Regarding claim 2, Sawada discloses wherein the two-dimensional general activation map is generated without using class-specific weights (see Sawada Figs. 1-4, and paras. 0053-0060, where object regions are detected by comparing each of the features from the saliency map to a threshold without using any class-specific weights).

Regarding claim 8, Sawada discloses a non-transitory computer readable medium including one or more sequences of instructions that, when executed by one or more processors, cause a computing system to perform operations comprising: capturing image data of objects within a line-of-sight of a camera (see Sawada Figs. 1-4, and paras. 0032 and 0037, where a CPU and memory execute instructions for processing images captured by a camera; see also paras. 0078-0083 and 0091, where the example applications indicate that the object detector detects the foreground object and differentiates the foreground object from the background, and that background includes various background objects such as roads, non-character regions of signs, and a conveyer line, for example); generating a two-dimensional general activation map based on the image data; comparing each value within the two-dimensional general activation map to a predetermined threshold; and detecting a location of a first object within the image data based on a set of values within the two-dimensional general activation map that exceed the predetermined threshold (see Sawada Figs. 1-4, and paras. 0053-0060, where object regions are detected by comparing each of the features from the saliency map to a threshold).
Sawada does not explicitly disclose presenting the image data to a user via a display, while objects remain in the line-of-sight of the camera; generating text comprising information associated with the first object; and overlaying the image data presented in the display with the text, a position of the overlaid text being based on the detected location of the first object within the image data.
However, Harris discloses presenting the image data to a user via a display, while objects remain in the line-of-sight of the camera; generating text comprising information associated with the first object; and overlaying the image data presented in the display with the text, a position of the overlaid text being based on the detected location of the first object within the image data (see Harris Figs. 12G, 16C, and 31D, and paras. 0210, 0277, and 0353, where “. . . the V-GLASSES may determine a position of the virtual label (e.g., the X-Y coordinate values, etc.) 2063, e.g., the virtual label may be positioned close to the object, and inject the generated virtual label overlaying the live video at the position 2065”).
It would have been obvious to one of ordinary skill in the art at the time of filing to use the object recognition and display technique of Harris to highlight and describe the locations of the detected objects of Sawada, because it is predictable that doing so would improve the speed and ease at which object locations are understood by the user, and that the displayed information would assist the user in deciding the user’s next action, for example, grabbing or purchasing the object.

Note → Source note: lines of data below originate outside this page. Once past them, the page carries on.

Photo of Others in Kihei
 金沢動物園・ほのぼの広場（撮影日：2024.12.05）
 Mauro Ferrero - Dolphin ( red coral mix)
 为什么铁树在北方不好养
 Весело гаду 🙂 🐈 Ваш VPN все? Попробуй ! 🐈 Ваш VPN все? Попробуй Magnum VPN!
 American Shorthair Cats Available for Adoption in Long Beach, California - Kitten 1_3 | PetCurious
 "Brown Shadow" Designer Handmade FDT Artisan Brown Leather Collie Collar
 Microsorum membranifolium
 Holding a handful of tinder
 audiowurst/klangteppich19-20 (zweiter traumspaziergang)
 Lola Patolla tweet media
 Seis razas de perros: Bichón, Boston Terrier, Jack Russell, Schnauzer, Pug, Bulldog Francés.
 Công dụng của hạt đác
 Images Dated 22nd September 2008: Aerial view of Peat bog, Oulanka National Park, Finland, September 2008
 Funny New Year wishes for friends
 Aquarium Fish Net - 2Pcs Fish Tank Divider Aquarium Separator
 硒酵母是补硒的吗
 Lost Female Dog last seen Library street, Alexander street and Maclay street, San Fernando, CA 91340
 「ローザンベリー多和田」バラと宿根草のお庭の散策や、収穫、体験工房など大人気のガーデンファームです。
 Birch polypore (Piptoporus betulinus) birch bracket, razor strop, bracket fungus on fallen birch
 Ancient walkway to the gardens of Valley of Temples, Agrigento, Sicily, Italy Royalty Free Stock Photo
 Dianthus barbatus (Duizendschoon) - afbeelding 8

Regarding claim 9, Sawada discloses wherein the two-dimensional general activation map is generated without using class-specific weights (see Sawada Figs. 1-4, and paras. 0053-0060, where object regions are detected by comparing each of the features from the saliency map to a threshold without using any class-specific weights).

Regarding claim 15, Sawada discloses a system, comprising: a processor; and a memory having programming instructions stored thereon, which, when executed by the processor, causes the system to perform operations, comprising: capturing image data of objects within a line-of-sight of a camera (see Sawada Figs. 1-4, and paras. 0032 and 0037, where a CPU and memory execute instructions for processing images captured by a camera; see also paras. 0078-0083 and 0091, where the example applications indicate that the object detector detects the foreground object and differentiates the foreground object from the background, and that background includes various background objects such as roads, non-character regions of signs, and a conveyer line, for example); generating a two-dimensional general activation map based on the image data; comparing each value within the two-dimensional general activation map to a predetermined threshold; and detecting a location of a first object within the image data based on a set of values within the two-dimensional general activation map that exceed the predetermined threshold (see Sawada Figs. 1-4, and paras. 0053-0060, where object regions are detected by comparing each of the features from the saliency map to a threshold).
Sawada does not explicitly disclose presenting the image data to a user via a display, while the objects remain in the line-of-sight of the camera; generating text comprising information associated with the first object; and overlaying the image data presented in the display with the text, a position of the overlaid text being based on the detected location of the first object within the image data.
However, Harris discloses presenting the image data to a user via a display, while the objects remain in the line-of-sight of the camera; generating text comprising information associated with the first object; and overlaying the image data presented in the display with the text, a position of the overlaid text being based on the detected location of the first object within the image data (see Harris Figs. 12G, 16C, and 31D, and paras. 0210, 0277, and 0353, where “. . . the V-GLASSES may determine a position of the virtual label (e.g., the X-Y coordinate values, etc.) 2063, e.g., the virtual label may be positioned close to the object, and inject the generated virtual label overlaying the live video at the position 2065”).
It would have been obvious to one of ordinary skill in the art at the time of filing to use the object recognition and display technique of Harris to highlight and describe the locations of the detected objects of Sawada, because it is predictable that doing so would improve the speed and ease at which object locations are understood by the user, and that the displayed information would assist the user in deciding the user’s next action, for example, grabbing or purchasing the object.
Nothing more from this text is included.